§ TRY IT
Repeat exactly the lines below that lie between the line with "925 / 1000 Sterlingové" and the line with "Fotokoláž: Srdce Fotografie - Dámske Tričko", counting both of those lines as part of the answer.

Top of LISTED ENTRIES

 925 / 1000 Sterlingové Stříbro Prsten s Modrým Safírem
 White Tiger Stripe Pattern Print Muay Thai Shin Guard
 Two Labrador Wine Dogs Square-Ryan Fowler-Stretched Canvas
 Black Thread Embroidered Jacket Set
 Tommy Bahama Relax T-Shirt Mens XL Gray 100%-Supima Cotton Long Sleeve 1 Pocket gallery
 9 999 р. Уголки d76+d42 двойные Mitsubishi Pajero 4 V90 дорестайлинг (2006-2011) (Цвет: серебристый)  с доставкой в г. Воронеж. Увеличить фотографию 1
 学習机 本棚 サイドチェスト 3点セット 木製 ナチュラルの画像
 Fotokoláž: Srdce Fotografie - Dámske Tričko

Bottom of LISTED ENTRIES
Top of LISTED ENTRIES

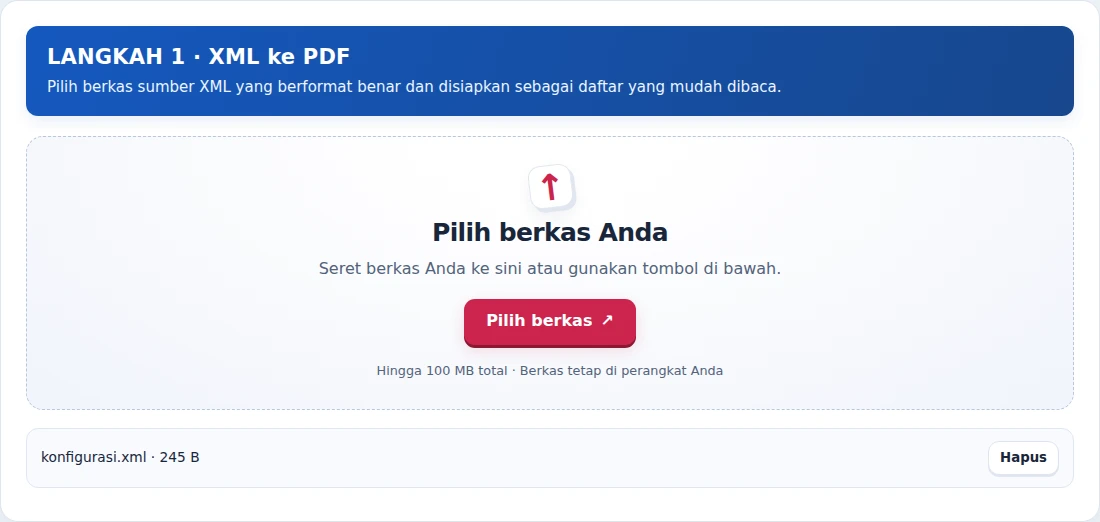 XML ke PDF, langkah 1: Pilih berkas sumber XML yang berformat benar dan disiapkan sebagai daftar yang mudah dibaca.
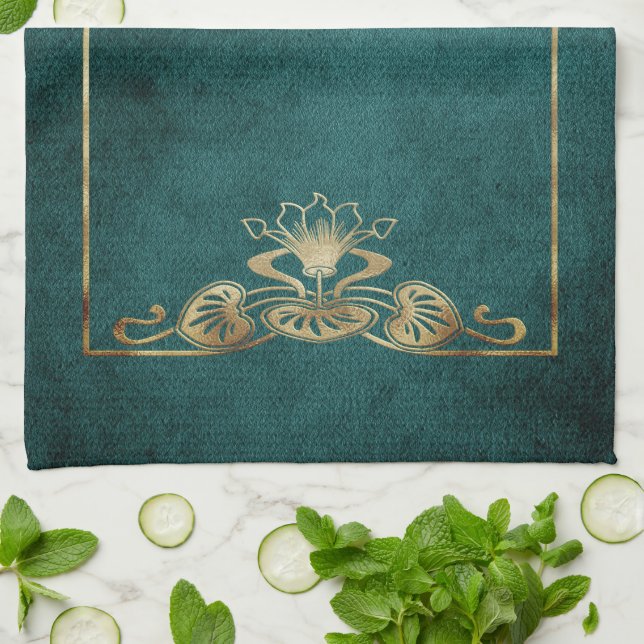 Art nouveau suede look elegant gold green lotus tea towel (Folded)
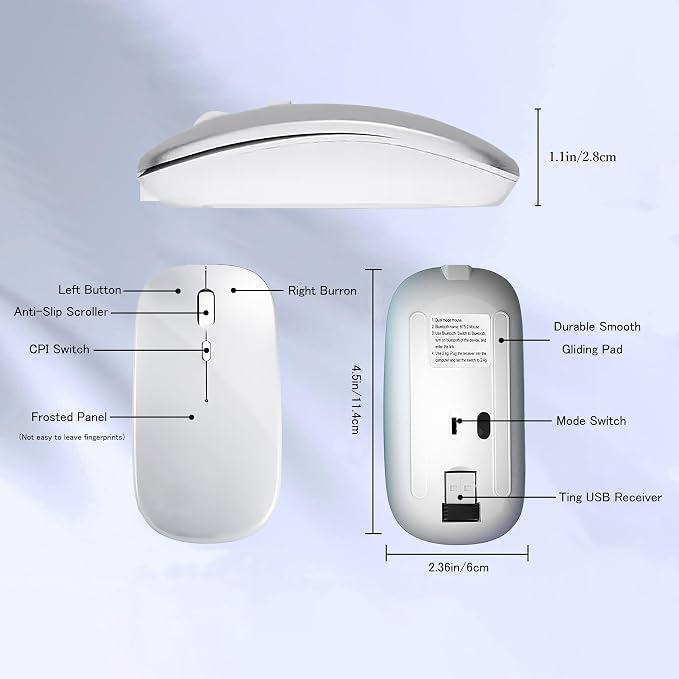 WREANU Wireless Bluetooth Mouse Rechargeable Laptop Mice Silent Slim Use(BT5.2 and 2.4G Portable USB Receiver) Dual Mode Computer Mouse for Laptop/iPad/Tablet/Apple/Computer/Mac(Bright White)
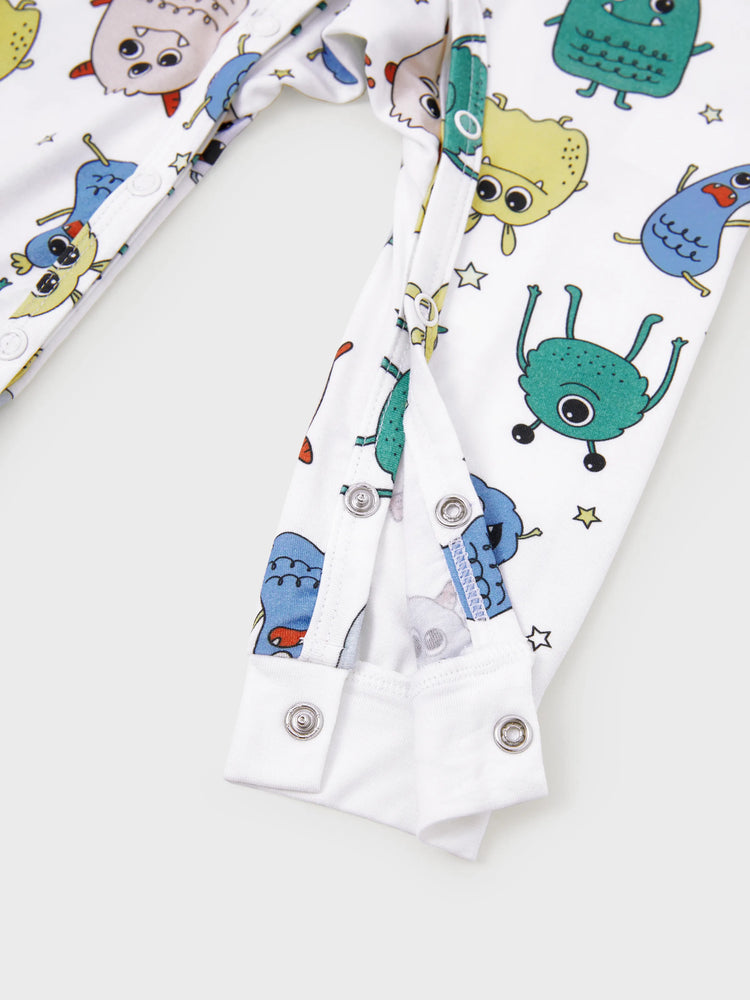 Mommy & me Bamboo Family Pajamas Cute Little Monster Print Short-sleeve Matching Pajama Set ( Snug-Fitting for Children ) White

Bottom of LISTED ENTRIES

§ RESULT OF THE TASK
 925 / 1000 Sterlingové Stříbro Prsten s Modrým Safírem
 White Tiger Stripe Pattern Print Muay Thai Shin Guard
 Two Labrador Wine Dogs Square-Ryan Fowler-Stretched Canvas
 Black Thread Embroidered Jacket Set
 Tommy Bahama Relax T-Shirt Mens XL Gray 100%-Supima Cotton Long Sleeve 1 Pocket gallery
 9 999 р. Уголки d76+d42 двойные Mitsubishi Pajero 4 V90 дорестайлинг (2006-2011) (Цвет: серебристый)  с доставкой в г. Воронеж. Увеличить фотографию 1
 学習机 本棚 サイドチェスト 3点セット 木製 ナチュラルの画像
 Fotokoláž: Srdce Fotografie - Dámske Tričko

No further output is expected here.